New Study by the Williams Institute: “Documented Evidence of Employment Discrimination & Its Effects on LGBT People” (July 2011)
The Williams Institute’s findings include:
- As recently as 2008, the GSS, a national probability survey representative of the U.S. population, found that of lesbian, gay and bisexual respondents, 27% had experienced at least one form of sexual orientation-based discrimination during the five years prior to the survey.
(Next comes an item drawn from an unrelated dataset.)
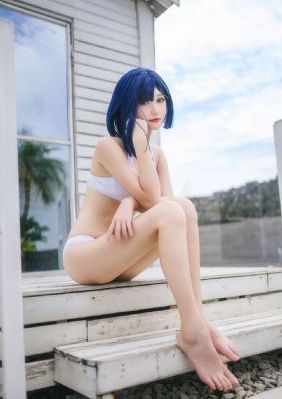 男人私gay玩奴调教动画_BD手机免费观看完整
More specifically, 27% had experienced workplace harassment and 7% had lost a job.
- The GSS found that among lesbian, gay, and bisexual people who are open about their sexual orientation in the workplace, an even larger proportion, 38%, experienced at least one form of discrimination during the five years prior to the survey.
- Not surprisingly, more than one-third of LGB respondents to the GSS reported that they were not out to anyone at work, and only 25% were out to all of their co-workers.
When surveyed separately, transgender respondents report even higher rates of employment discrimination and harassment than LGB people.
- As recently as 2011, 78% of respondents to the largest survey of transgender people to date reported experiencing at least one form of harassment or mistreatment at work because of their gender identity; more specifically, 47% had been discriminated against in hiring, promotion, or job retention.
- Consistently, 70% of transgender respondents to a 2009 California survey and 67% of transgender respondents to a 2010 Utah survey reported experiencing employment discrimination because of their gender identity.